Hydrothermal synthesis and structural characterization of zeolite-like structures based on gallium and aluminum germanates

While extensive commercial success has been achieved through the use of organic molecules in the synthesis of aluminosilicate zeolites, the synthesis of the germanium-based zeolite structures using organic structure-directing agents is a largely unexplored area. Here we report a novel class of germanate zeolite structures prepared with inorganic cations or organic amines as structure-directing agents. These new materials possess five 4- connected 3-dimensional topologies with large (12-ring), medium (10-ring), small (8-ring), or ultrasmall (6-ring) pores.

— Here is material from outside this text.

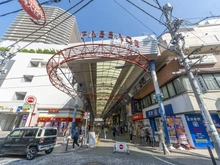 【神奈川県/横浜市港南区最戸】パークホームズ上大岡ディアエアー パサージュ上大岡（現地より約610m）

They have a variety of chemical compositions such as various Ge to Ga (or Al) ratios and exhibit interesting structural features such as helical chains and odd-membered rings. UCSB- 15GaGe and UCSB-15AlGe are the first germanate-based structures with 5- rings. UCSB-7 refers to a collection of isostructural, large-pore zeolite- like structures constructed by the cross-linking of helical ribbons. UCSB- 3GaGe is the only known T₃⁺/T⁴⁺ (T refers to tetrahedral atoms) based zeolite structure with the net 38 topology. This structure is unusual because of its very high framework charge density unsurpassed by other amine-directed zeolite structures. GaGe-SOD2 and AlGe-SOD2 (sodalite analogues) have an unusually low framework symmetry for a sodalite structure. The cubic GaGe- SOD1 (or AlGe-SOD1) and the triclinic GaGe-SOD2 (or AlGe-SOD2) are ideal examples of the compositional and structural control of the inorganic framework by structure-directing amines. GaGe-ANA1 and GaGe-ANA2, two gallogermanate analcime analogues, are noncentrosymmetric, unlike many other analcime structures.